■ Exercise: Filter the records for lines holding the string "Apartment".
Top of Material for the task
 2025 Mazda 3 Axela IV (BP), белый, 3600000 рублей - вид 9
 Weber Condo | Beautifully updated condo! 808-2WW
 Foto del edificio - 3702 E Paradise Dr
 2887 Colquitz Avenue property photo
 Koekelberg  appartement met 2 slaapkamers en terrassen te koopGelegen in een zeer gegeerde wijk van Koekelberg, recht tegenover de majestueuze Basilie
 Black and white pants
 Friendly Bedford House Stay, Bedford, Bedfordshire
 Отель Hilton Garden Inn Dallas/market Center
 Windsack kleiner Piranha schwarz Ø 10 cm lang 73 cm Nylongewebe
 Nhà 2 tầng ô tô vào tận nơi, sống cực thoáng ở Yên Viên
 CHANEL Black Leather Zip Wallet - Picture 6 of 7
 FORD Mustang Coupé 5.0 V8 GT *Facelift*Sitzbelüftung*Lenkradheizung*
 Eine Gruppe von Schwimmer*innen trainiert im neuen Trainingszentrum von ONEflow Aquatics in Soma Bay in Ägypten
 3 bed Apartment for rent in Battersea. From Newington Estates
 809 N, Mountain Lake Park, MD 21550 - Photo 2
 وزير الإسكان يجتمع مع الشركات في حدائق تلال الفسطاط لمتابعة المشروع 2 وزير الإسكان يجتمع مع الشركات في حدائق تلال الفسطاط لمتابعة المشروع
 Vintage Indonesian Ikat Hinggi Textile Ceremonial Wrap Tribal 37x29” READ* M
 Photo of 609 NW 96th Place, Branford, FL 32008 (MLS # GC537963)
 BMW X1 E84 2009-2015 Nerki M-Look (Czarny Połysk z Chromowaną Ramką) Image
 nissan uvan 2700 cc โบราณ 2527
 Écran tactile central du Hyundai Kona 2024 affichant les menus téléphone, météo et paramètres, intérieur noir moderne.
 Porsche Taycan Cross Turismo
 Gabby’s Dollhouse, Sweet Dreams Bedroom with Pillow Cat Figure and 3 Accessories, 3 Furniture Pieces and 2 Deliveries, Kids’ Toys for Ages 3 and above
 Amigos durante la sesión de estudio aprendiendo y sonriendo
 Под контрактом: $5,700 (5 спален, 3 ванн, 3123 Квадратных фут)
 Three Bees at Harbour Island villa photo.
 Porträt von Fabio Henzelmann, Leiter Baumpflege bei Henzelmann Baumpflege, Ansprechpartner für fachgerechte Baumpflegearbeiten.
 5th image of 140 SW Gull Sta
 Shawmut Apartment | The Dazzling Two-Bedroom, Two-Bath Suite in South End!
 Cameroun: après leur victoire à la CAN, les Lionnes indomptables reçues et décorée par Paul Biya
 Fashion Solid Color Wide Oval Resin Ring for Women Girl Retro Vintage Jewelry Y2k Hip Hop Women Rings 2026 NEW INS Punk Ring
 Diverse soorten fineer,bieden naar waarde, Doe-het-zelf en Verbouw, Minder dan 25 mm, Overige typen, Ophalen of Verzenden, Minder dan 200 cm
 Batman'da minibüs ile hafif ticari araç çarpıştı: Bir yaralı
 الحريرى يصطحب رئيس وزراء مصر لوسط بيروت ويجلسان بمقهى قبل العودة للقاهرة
Bottom of Material for the task
■ Answer to the exercise:
 3 bed Apartment for rent in Battersea. From Newington Estates
 Shawmut Apartment | The Dazzling Two-Bedroom, Two-Bath Suite in South End!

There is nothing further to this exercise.